Brian Lacy, M.D., Ph.D.: Dr. Nice Guy

Lacy loves doing research and finds the procedural nature of gastroenterology very appealing. But at heart he's a "people person" says a friend and former colleague.

By Jennifer Durgin

Dr. Brian Lacy's third patient of the afternoon is a boisterous, overweight woman in her fifties who looks as if she'd feel right at home at a Harley-Davidson convention. She couldn't be more different from Lacy, a tall, thin, bespectacled academic who speaks in a soft, velvety voice. Still, they seem to have great rapport. She doesn't hesitate to talk—and laugh—about having "a good poop" and refers to her antidepressants as "my crazy pills," while he uses precise but clear language to explain the course of treatment he's recommending.

Once a year, this patient and her husband drive three hours to consult with Lacy, a Dartmouth gastroenterologist who specializes in functional disorders of the digestive tract. With functional disorders, also called motility disorders, people have symptoms—such as pain, gas, bloating, vomiting, regurgitation, diarrhea, or constipation—but, explains Lacy, there's no obvious cause of the problem. There's no tumor, ulcer, allergy, or obstruction, and all the usual tests come back normal.

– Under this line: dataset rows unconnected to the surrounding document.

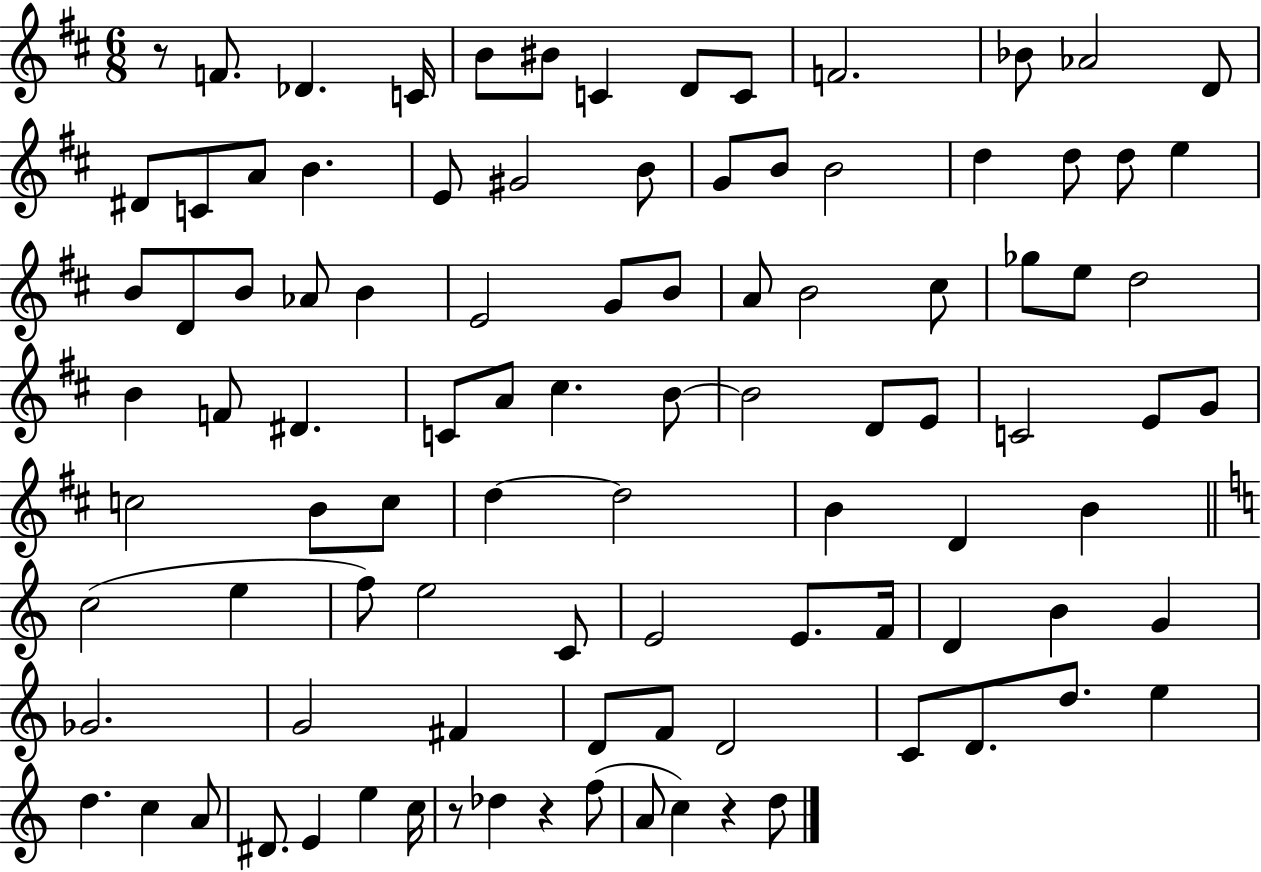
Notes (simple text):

R/e F4/e. Db4/q. C4/s B4/e BIS4/e C4/q D4/e C4/e F4/h. Bb4/e Ab4/h D4/e D#4/e C4/e A4/e B4/q. E4/e G#4/h B4/e G4/e B4/e B4/h D5/q D5/e D5/e E5/q B4/e D4/e B4/e Ab4/e B4/q E4/h G4/e B4/e A4/e B4/h C#5/e Gb5/e E5/e D5/h B4/q F4/e D#4/q. C4/e A4/e C#5/q. B4/e B4/h D4/e E4/e C4/h E4/e G4/e C5/h B4/e C5/e D5/q D5/h B4/q D4/q B4/q C5/h E5/q F5/e E5/h C4/e E4/h E4/e. F4/s D4/q B4/q G4/q Gb4/h. G4/h F#4/q D4/e F4/e D4/h C4/e D4/e. D5/e. E5/q D5/q. C5/q A4/e D#4/e. E4/q E5/q C5/s R/e Db5/q R/q F5/e A4/e C5/q R/q D5/e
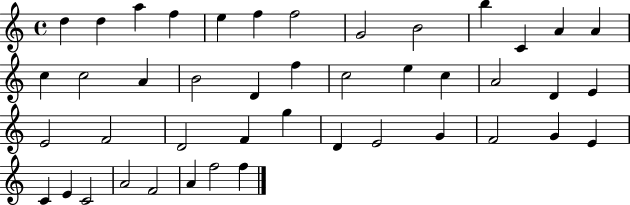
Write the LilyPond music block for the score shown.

{
  \clef treble
  \time 4/4
  \defaultTimeSignature
  \key c \major
  d''4 d''4 a''4 f''4 | e''4 f''4 f''2 | g'2 b'2 | b''4 c'4 a'4 a'4 | \break c''4 c''2 a'4 | b'2 d'4 f''4 | c''2 e''4 c''4 | a'2 d'4 e'4 | \break e'2 f'2 | d'2 f'4 g''4 | d'4 e'2 g'4 | f'2 g'4 e'4 | \break c'4 e'4 c'2 | a'2 f'2 | a'4 f''2 f''4 | \bar "|."
}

A few years ago, the patient's local gastroenterologist referred her to Lacy to get his expert opinion on whether she should receive a gastric pacemaker to treat her diabetic gastropathy—a neuromuscular dysfunction of the stomach caused by nerve damage from diabetes. In the year and a half before she first saw Lacy, she had been hospitalized 33 times for chronic and severe vomiting. After meeting with her, Lacy decided she didn't need a gastric pacemaker, at least not yet. There were several other avenues to try first, like adjusting her diet and altering her medication regimen. He also advised her about where she could purchase her medications at the lowest price.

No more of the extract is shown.